This is just Russell's paradox. Suppose there were a set of all sets, $U$. By separation, we get $$R=\{x\in U: x\not\in x\}.$$ Since $U$ contains all sets, we have that the "$\in U$" can be omitted: $$R=\{x: x\not\in x\}.$$ That is, we have
$\forall x(x\in R\iff x\not\in x)$.
But now consider taking $x=R$: we get $R\in R\iff R\not\in R$, which is a contradiction.
To formalize this in first-order logic, here are the key things you'll need to prove:
$\forall x\exists y\forall z(z\in y\iff z\in x\wedge z\not\in z)$. This is an instance of separation: "for each set $x$, the set $\{z\in x: z\not\in z\}$ is a set."
$\forall x[\forall y(y\in x)\implies \forall y((\forall z(z\in y\iff z\in x\wedge z\not\in z))\implies (\forall z(z\in y\iff z\not\in z)))]$. Basically, if $x$ is the universal set then the set of elements of $x$ not containing themselves is in fact the set of all sets not containing themselves.
$(\exists x\forall y(y\in x))\implies (\exists x\forall y(y\in x\iff y\not\in y))$. If there is a set of all sets, then there is a set of all sets not containing themselves.
$\forall x[(\forall y(y\in x\iff y\not\in y))\implies (x\in x\iff x\not\in x)]$. If there is a set of all sets not containing themselves, we get a contradiction.

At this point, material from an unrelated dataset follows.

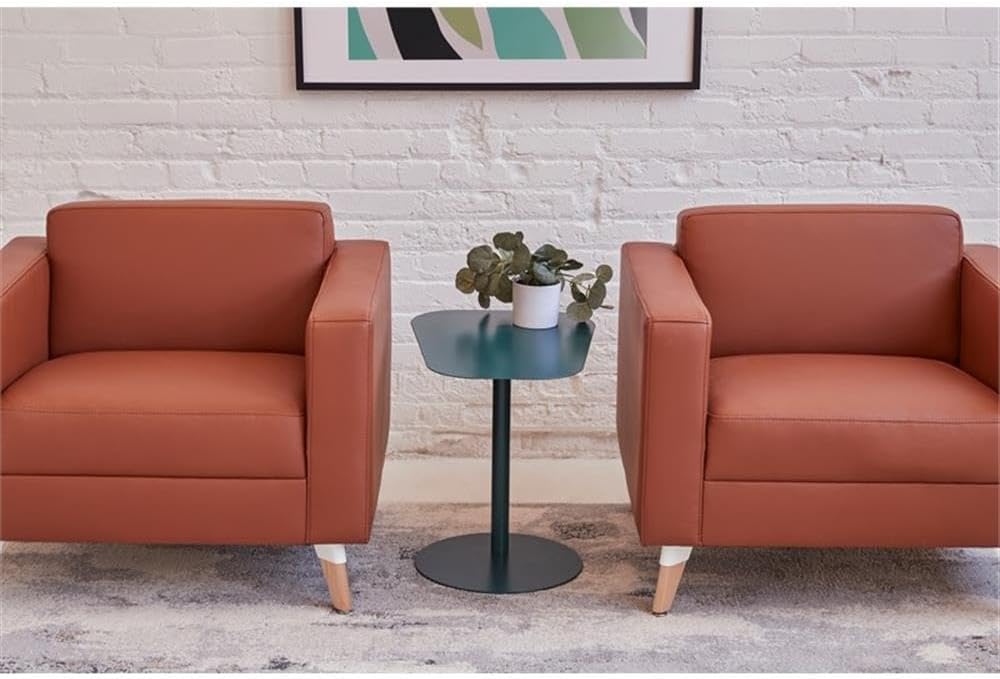 Pemberly Row Modern Metal End Table, 20 in H x 19.75 in W, C-Shaped Space-Sav...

No particular step here is hard, but if you're really doing a completely formal deduction it will be a bit tedious. The key bulletpoint is the second one (the first is an immediate application of separation, the third follows from the first and second, and the fourth is just unwinding the definitions). The second bulletpoint is intuitively true since, if $x$ is a universal set, then the formulas "$z\not\in z$" and "$z\in x\wedge z\not\in z$" are equivalent; now you need to figure out how to put that equivalence "inside" some quantifiers in the appropriate way.